### Information given
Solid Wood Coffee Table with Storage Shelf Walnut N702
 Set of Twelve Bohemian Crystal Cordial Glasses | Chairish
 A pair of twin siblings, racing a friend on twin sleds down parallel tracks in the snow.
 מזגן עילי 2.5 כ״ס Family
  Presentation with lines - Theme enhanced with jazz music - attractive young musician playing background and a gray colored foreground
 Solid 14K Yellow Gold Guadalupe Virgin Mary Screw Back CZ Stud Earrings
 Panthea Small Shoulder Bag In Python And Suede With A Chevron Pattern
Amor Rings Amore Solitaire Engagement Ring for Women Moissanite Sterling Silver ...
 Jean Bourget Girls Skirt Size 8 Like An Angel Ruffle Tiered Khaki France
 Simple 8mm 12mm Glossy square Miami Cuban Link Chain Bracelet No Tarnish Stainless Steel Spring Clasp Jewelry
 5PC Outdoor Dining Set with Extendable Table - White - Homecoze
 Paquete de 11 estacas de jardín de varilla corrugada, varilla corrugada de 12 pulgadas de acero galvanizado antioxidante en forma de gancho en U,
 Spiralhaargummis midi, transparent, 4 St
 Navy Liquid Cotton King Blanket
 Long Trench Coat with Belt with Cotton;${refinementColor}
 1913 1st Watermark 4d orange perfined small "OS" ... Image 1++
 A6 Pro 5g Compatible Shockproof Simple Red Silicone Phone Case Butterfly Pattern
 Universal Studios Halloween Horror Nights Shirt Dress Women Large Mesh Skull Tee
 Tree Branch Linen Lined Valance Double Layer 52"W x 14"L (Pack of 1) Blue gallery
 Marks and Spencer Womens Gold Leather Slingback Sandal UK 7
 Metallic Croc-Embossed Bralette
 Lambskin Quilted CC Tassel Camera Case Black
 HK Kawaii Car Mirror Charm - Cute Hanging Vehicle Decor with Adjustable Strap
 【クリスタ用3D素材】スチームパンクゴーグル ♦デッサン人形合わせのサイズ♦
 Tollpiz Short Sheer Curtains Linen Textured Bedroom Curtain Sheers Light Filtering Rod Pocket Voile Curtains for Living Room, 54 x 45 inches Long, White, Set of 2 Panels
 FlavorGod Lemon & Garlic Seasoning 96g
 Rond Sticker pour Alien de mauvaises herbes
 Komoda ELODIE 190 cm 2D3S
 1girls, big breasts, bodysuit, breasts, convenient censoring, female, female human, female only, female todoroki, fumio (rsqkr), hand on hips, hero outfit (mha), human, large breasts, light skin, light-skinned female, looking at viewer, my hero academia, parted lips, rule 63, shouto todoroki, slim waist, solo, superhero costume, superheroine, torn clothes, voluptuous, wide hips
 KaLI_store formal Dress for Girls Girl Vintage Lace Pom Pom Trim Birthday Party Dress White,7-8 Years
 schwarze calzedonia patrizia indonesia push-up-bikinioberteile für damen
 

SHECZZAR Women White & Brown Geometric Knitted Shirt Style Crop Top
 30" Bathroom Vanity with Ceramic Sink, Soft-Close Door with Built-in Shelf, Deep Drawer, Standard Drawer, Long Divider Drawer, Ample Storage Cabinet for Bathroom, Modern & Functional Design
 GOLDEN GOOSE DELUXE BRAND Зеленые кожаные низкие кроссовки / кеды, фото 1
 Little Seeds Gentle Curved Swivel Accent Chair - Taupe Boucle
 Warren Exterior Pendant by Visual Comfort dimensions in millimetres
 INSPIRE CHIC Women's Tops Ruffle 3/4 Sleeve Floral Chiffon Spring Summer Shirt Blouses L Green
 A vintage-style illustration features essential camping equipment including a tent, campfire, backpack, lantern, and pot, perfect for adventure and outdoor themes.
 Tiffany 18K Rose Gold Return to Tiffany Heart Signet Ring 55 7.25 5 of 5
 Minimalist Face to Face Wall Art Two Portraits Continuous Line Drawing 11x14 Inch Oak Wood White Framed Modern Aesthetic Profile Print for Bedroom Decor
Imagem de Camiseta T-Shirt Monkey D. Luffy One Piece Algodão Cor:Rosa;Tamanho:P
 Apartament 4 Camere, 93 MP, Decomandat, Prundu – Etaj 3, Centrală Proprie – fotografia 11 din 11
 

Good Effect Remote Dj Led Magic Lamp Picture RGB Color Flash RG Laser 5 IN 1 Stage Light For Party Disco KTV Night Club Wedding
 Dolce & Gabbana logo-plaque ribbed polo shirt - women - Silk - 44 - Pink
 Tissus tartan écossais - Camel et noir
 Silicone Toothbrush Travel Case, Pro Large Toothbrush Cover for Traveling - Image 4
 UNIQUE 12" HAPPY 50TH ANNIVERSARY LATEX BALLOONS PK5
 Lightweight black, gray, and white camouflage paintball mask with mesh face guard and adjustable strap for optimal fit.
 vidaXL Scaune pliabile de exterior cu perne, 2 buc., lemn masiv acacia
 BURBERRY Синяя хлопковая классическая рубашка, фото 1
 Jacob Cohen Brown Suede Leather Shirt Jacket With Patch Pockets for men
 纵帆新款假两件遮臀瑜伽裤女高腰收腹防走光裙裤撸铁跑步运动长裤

### Problem to work on
Extract from the material all lines containing the string "Linen".

### Answer for this exercise
 Tree Branch Linen Lined Valance Double Layer 52"W x 14"L (Pack of 1) Blue gallery
 Tollpiz Short Sheer Curtains Linen Textured Bedroom Curtain Sheers Light Filtering Rod Pocket Voile Curtains for Living Room, 54 x 45 inches Long, White, Set of 2 Panels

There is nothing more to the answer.